> BRIEF
Return all the lines below in which the string "Snapshot" appears.

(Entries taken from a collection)
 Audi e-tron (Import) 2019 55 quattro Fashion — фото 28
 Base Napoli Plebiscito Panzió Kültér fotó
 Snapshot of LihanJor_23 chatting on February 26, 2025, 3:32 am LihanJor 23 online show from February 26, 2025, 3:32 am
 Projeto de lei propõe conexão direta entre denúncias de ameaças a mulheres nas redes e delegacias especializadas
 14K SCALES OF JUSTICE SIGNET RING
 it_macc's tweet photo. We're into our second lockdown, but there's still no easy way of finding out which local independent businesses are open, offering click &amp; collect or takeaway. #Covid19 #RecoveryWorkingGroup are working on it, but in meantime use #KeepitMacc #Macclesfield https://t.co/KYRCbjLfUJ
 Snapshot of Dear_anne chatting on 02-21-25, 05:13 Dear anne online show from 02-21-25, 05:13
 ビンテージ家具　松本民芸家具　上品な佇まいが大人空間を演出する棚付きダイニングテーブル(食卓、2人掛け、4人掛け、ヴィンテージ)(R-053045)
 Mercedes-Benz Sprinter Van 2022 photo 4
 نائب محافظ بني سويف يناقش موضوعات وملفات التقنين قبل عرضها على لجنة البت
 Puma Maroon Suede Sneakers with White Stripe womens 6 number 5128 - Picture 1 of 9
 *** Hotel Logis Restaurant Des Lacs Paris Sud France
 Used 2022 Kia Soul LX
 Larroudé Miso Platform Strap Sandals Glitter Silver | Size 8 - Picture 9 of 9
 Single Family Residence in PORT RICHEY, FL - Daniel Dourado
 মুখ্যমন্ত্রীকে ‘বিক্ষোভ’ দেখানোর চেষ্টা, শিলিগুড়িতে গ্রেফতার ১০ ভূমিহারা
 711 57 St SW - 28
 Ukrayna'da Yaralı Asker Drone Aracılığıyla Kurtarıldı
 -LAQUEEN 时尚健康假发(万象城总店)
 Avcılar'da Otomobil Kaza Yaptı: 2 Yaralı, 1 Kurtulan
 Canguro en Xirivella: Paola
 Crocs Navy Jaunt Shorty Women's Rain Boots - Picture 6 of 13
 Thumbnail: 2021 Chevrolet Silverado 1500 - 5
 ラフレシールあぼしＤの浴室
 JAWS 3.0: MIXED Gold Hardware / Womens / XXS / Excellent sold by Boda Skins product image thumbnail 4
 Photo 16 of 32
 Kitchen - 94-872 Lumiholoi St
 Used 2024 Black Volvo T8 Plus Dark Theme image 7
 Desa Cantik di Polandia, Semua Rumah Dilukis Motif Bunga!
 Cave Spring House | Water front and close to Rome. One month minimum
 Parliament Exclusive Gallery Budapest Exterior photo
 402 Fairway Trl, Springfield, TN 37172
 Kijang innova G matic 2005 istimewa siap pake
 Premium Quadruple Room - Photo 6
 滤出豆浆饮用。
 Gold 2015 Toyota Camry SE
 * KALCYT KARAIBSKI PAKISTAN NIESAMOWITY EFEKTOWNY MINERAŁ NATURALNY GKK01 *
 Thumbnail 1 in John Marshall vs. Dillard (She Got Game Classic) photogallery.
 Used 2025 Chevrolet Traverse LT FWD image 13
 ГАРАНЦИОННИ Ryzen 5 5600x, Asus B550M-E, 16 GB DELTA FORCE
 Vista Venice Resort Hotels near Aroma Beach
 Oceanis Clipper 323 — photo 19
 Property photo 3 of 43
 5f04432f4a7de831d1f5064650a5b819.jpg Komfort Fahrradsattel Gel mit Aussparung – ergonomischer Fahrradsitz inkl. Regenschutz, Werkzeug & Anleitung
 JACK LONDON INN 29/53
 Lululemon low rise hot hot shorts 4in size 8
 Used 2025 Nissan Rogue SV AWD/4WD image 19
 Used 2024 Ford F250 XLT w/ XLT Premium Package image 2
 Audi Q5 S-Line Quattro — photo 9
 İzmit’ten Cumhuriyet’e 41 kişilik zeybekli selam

> ANSWER
 Snapshot of LihanJor_23 chatting on February 26, 2025, 3:32 am LihanJor 23 online show from February 26, 2025, 3:32 am
 Snapshot of Dear_anne chatting on 02-21-25, 05:13 Dear anne online show from 02-21-25, 05:13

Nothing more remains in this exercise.